Alerting

Machine learning outliers

rrovers
Path Finder

I want to use the machine learning toolkit to detect outliers. 

I've made a query with earliest=-2mon@mon latest=@mon to let splunk determine the values for outliers for that period. I want to run the search every day and let the alert send an email when a new outlier is detected since the last run.  

I can't find out how to do this. Every time the search runs it detects all outliers of the last 2 months.

Labels (1)
0 Karma

to4kawa
SplunkTrust
SplunkTrust
0 Karma

rrovers
Path Finder

Thank you for the information. Your answer is quite extensive and probably usefull to learn more about machine learning.

The thing I want to know is, is if it is possible to let machine learning determine  the lowerbound and upperbound for a long period (for example 2 months or may be even 1 year) and run the search every day as an alert that only gives me the new (since the last day) outliers.

0 Karma

to4kawa
SplunkTrust
SplunkTrust

https://docs.splunk.com/Documentation/MLApp/5.2.0/User/DNOlegacyassist


I don't think we need to get too hung up on machine learning.

0 Karma

rrovers
Path Finder

The functionality seems the same as I used for my alert.
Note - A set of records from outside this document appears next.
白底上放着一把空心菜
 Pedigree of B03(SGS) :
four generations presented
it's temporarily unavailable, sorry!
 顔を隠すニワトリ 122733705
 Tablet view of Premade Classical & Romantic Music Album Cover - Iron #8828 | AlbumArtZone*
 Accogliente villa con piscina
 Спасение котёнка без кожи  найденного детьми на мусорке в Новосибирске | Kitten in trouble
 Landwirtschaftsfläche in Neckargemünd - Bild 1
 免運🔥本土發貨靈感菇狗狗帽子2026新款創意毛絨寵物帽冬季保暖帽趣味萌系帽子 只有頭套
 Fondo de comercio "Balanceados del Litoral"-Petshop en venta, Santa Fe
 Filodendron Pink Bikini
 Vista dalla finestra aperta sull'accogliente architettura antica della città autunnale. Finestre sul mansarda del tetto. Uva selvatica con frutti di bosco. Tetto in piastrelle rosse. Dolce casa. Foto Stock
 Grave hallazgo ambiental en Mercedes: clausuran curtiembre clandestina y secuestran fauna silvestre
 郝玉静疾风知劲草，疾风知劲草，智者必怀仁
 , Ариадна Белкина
The result is not what I'm looking for.

Let's try to clearify it with an example.

In the machine learning app I created an experiment with this simple search to use for this example

index=_internal sourcetype="splunkd_remote_searches" earliest=-1w@w latest=now
| eval day=strftime(_time,"%Y-%m-%d")
| stats count by day 

1 outlier is detected.

After saving this alert I have created an alert from the overview screen (manage - create alert).

My goal is to use the period since last week to determine lower- and upperbound but only receive an alert when there are new outliers since the last run. But now every run over last week the same outlier is detected.

I wonder if it is possible what I want.

 

0 Karma

to4kawa
SplunkTrust
SplunkTrust

use outputcsv and make query with the csv.

rrovers
Path Finder

Hi, thanks for your answer. I gave it a try but missing some information.

Can you please explain a bit more?

0 Karma

rrovers
Path Finder

I think I solved it by joining 2 searches.

The first 1 to determine the lowerbound and the upperbound over a long period (last 2 months)

the second 1 to check whether the count of the events of the last day is less than the lowerbound or more than the upperbound I determined in the first one.

0 Karma

2savage
Engager

Aloha @rrovers ,

I think what @to4kawa is saying you should do is to create a lookup file and output your results to that lookup. For example, you would output _time, machinename, and whatever field you believe is valuable using | outputcsv. In turn, you can query the lookup file each day to remove the previous days' outliers. 

I am also going to be experimenting with machine learning and looking to build profiles for users and computers, probably with login patterns at first. Using outputcsv would be a good way to keep track of results, though I'm sure there are other ways to do it. 

 

rrovers
Path Finder

Hi @2savage,

I solved it by collecting the daily results to a summary index (I prefer summary indexes above lookups for this kind of functionality). 

I don't think this is part of machine learning but it works fine for me.

0 Karma